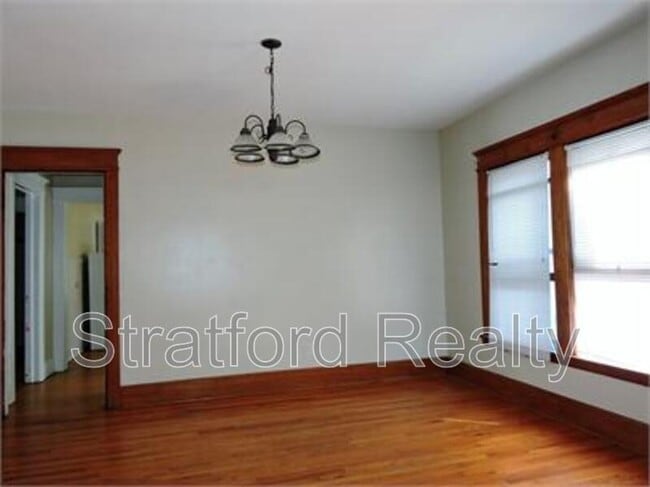Building Photo - 508-10 Tennyson Ave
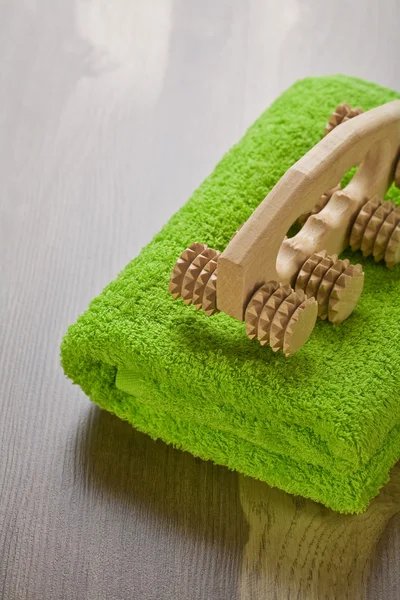 Массажер на зеленом полотенце — стоковое фото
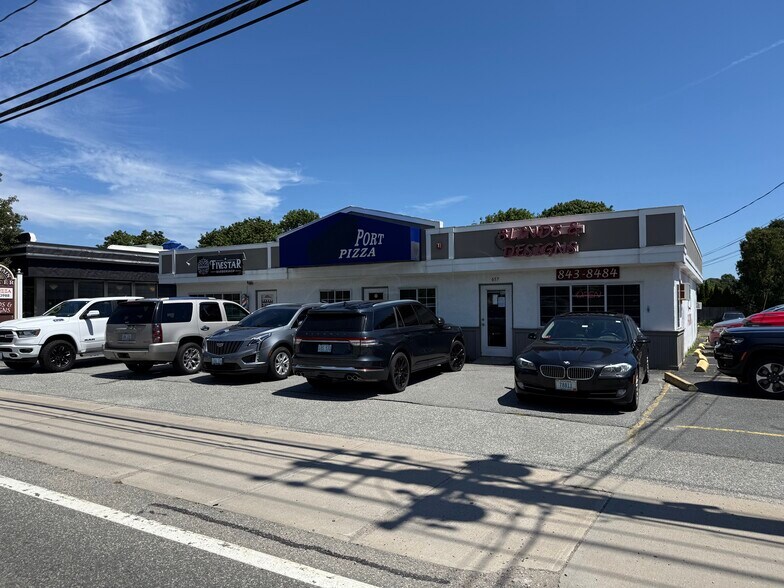 More Photos Of 657-661 W Main Rd, Middletown Freestanding For Lease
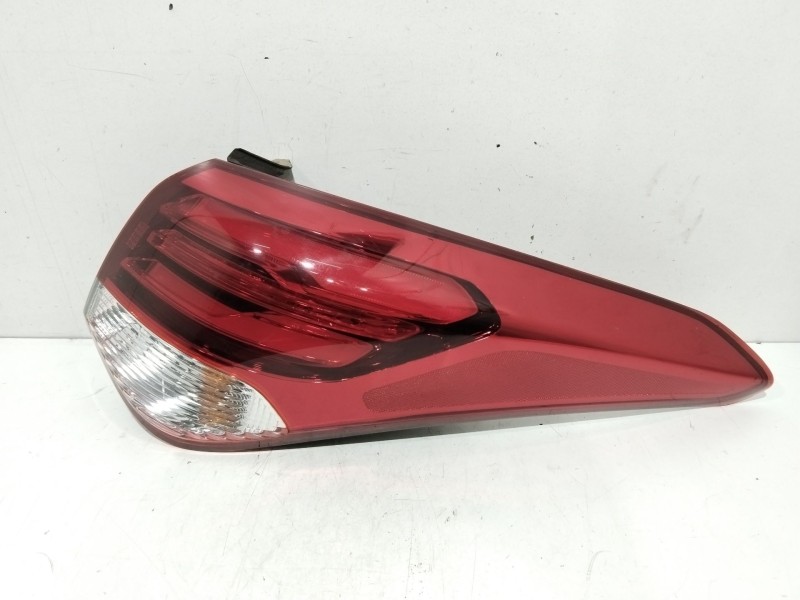 Recambio de piloto trasero derecho para hyundai i40 cab bluedrive referencia OEM IAM 924023Z6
□ □ □ □
Task objective: Give the lines from the one containing "Массажер на зеленом" through the final line of the material again, exactly and in full, but without pictures.

Written response:
 Массажер на зеленом полотенце — стоковое фото
 More Photos Of 657-661 W Main Rd, Middletown Freestanding For Lease
 Recambio de piloto trasero derecho para hyundai i40 cab bluedrive referencia OEM IAM 924023Z6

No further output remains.